About this exercise: Leaving out the pictures, transcribe all of the records faithfully.

**********

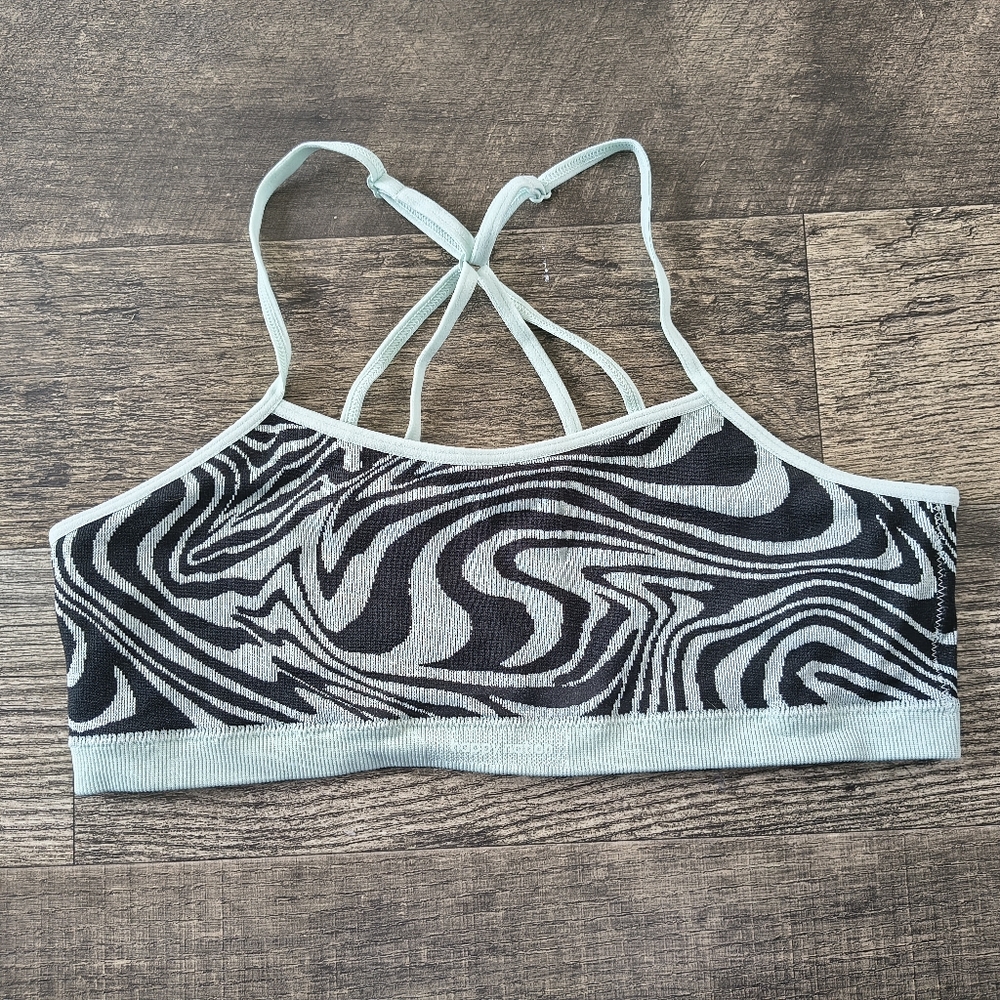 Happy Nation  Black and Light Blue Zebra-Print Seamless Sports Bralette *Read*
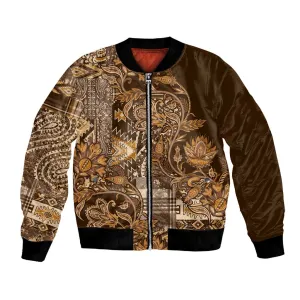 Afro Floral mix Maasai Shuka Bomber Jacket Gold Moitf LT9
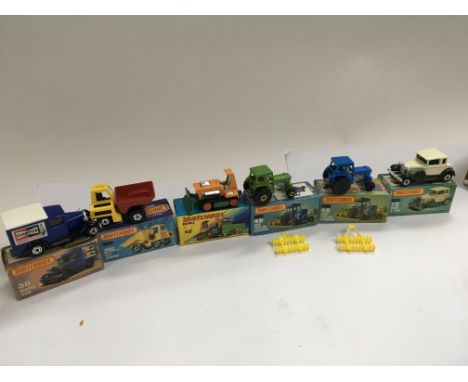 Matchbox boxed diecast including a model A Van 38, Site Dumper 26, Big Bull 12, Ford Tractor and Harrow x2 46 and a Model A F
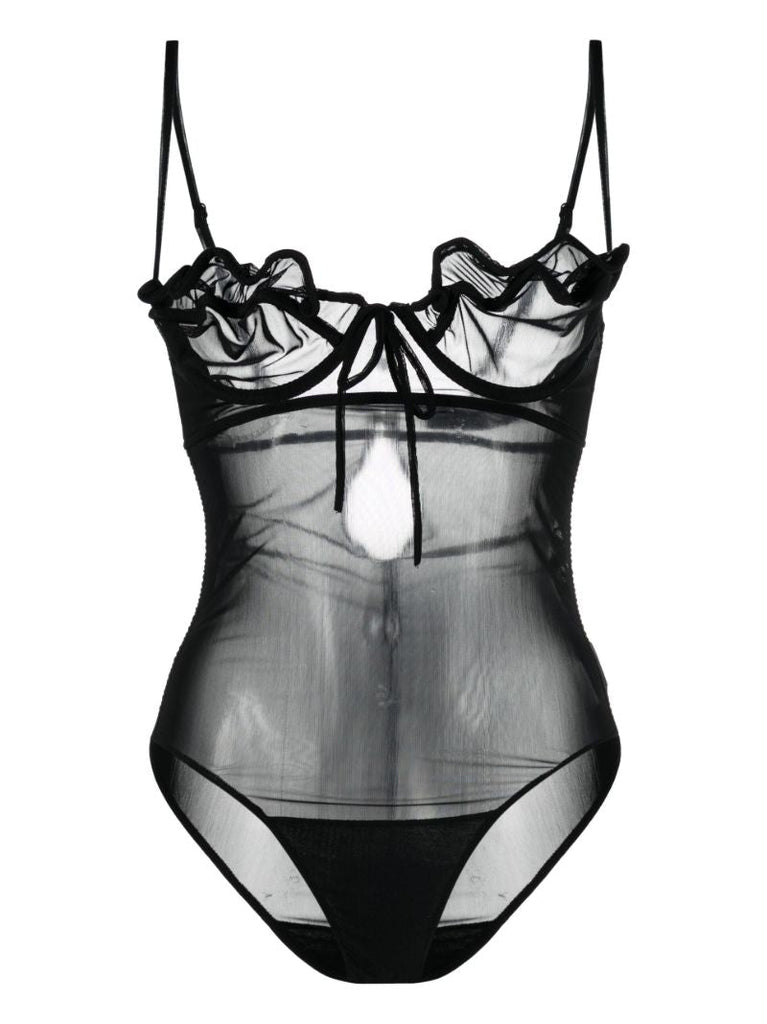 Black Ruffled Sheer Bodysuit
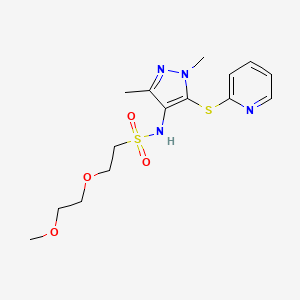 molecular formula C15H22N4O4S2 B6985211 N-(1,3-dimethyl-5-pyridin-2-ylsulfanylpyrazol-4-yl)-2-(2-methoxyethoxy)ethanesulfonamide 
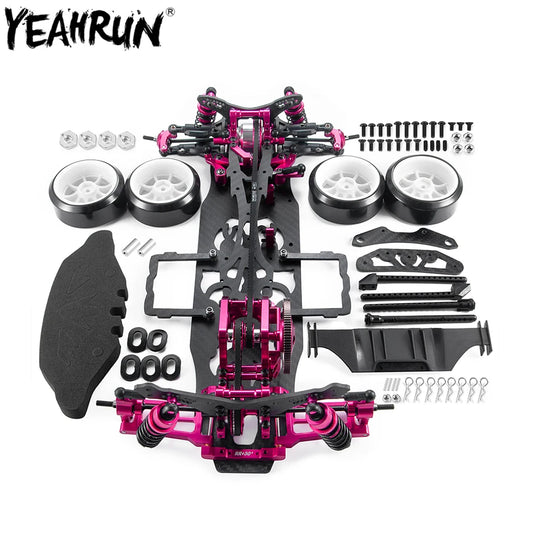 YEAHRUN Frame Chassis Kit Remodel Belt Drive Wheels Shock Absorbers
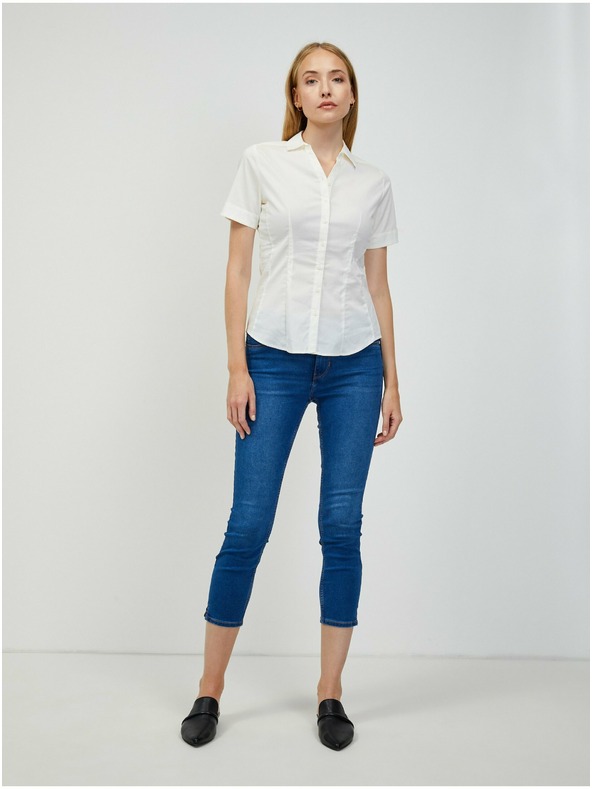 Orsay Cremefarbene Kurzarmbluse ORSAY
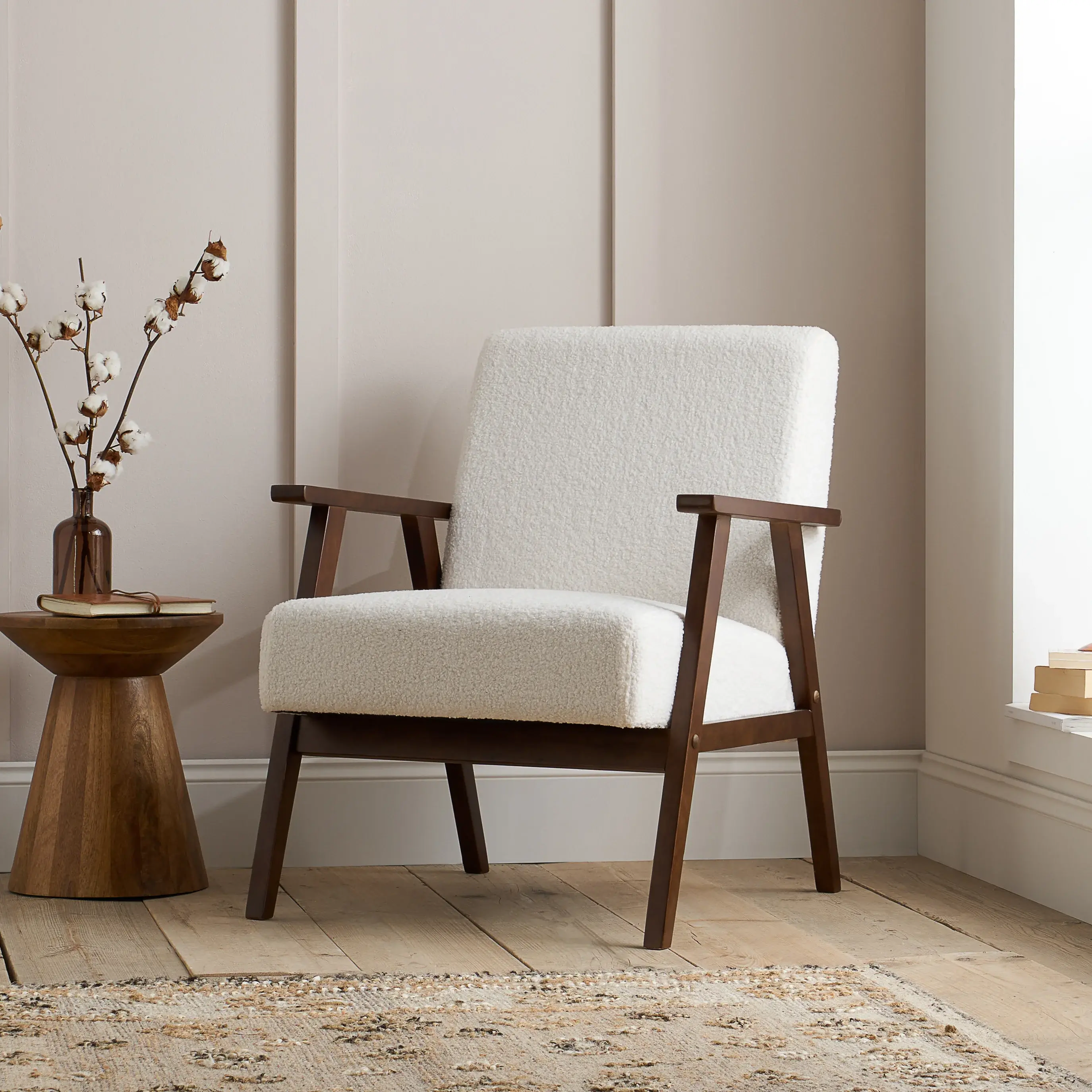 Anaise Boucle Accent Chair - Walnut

**********

Reply:
 Happy Nation  Black and Light Blue Zebra-Print Seamless Sports Bralette *Read*
 Afro Floral mix Maasai Shuka Bomber Jacket Gold Moitf LT9
 Matchbox boxed diecast including a model A Van 38, Site Dumper 26, Big Bull 12, Ford Tractor and Harrow x2 46 and a Model A F
 Black Ruffled Sheer Bodysuit
 molecular formula C15H22N4O4S2 B6985211 N-(1,3-dimethyl-5-pyridin-2-ylsulfanylpyrazol-4-yl)-2-(2-methoxyethoxy)ethanesulfonamide 
 YEAHRUN Frame Chassis Kit Remodel Belt Drive Wheels Shock Absorbers
 Orsay Cremefarbene Kurzarmbluse ORSAY
 Anaise Boucle Accent Chair - Walnut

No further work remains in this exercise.